Posted in australia, grief | Comments Off on saturday
Friday, January 17th, 2014
Today was a bit easier, a bit harder. Mum slept most of the day. I sat by her bedside reading, or slept in the quiet room across the hall. Friends visited and the family came and went. Sarah and Kelly sat on the couch for hours finishing a cross-stitch of the Cat in the Hat that Mum had started for Al.
She’s still well in herself – a weird thing to say about someone with metastatic cancer, but she doesn’t feel “old” and doesn’t like calling the nurses because it’s not as if she’s “really sick.” When she’s awake she’s very present and enjoys our company. Nurse Dale believes the pain relief is allowing her body to rest itself for the first time in eight months.
I had a long talk to Big, who pointed out that we really need to make sure Dad’s laptop is backed up in case he drops it in a bucket. This is not likely but if it did happen, it would be bad. Sarah has a terabyte USB hard drive lying around, so Al’s going to take it over tomorrow. Systems administration as an expression of love.
Posted in australia, grief | Comments Off on friday
Thursday, January 16th, 2014
So my darling old catty chose a fine time for her kidneys to fail. That’s not entirely sarcastic: I was dreading making final decisions for her, and now Jeremy will do it for me. He brought her home and is giving her fluids and she’s feeling better and will have a peaceful death surrounded by love. Still, yesterday was not easy, and when I said goodnight to mum and she hugged me I was shaking.
“Shh, shh,” she said, stroking my hair.
“Oh no, don’t comfort me or I will start to cry, and if I do I’ll never stop.”
“Yes you will,” she said serenely, and rubbed my back.
In one way yesterday was magnificent.

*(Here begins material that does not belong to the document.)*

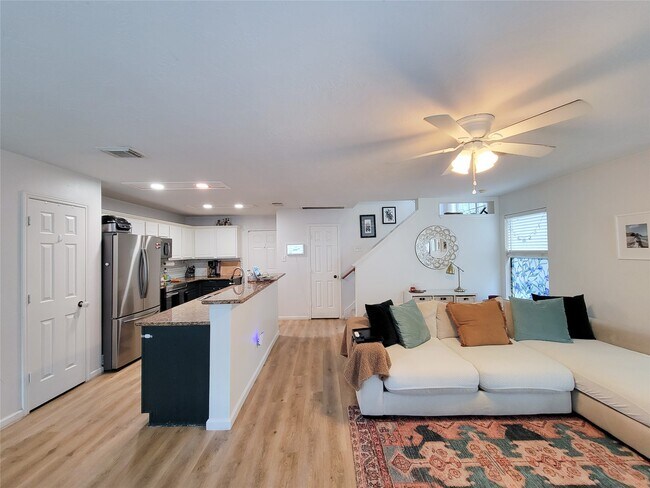 Building Photo - 42 Wineberry Pl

She has had the pump installed – it’s called a syringe driver – and now she is on a continuous dose of morphine. For the first time since she got sick, last May, Mum has zero pain.
Before Big left he said: “What’s humbling is, she isn’t just content. She’s happy.”
Posted in australia, grief, happiness, mindfulness | Comments Off on thursday
Wednesday, January 15th, 2014
This morning we played mah jongg. Dad was very present. He won twice and Mum won twice. This afternoon my brother Iain dug a new post hole for Mum’s mailbox. My brother Alain arrived in the evening. He and Sarah and Mum and I opened the bottle of shiraz and had uproarious fun. We snuck past the nurse’s station in gales of laughter.
Tomorrow Iain and I will set the mailbox in cement. “We will cement the hell out of that hole,” as he put it. Then he has to go home to Sydney.
In between, as I ran various errands, I wept in the arms of Lauren, who runs the deli, and Karen, my Barraba yoga instructor.
People are beyond kind.
Tomorrow Mum gets a morphine pump.
Heat wave. Glaring sunshine. Birdsong. My fucking heart is broken.
Posted in australia, grief | Comments Off on wednesday
Monday, January 13th, 2014
I woke at dawn, beset by bird life: galahs, cockatoos, King parrots, rainbow lorikeets, magpies and currawongs all yelling their fool heads off just outside my window.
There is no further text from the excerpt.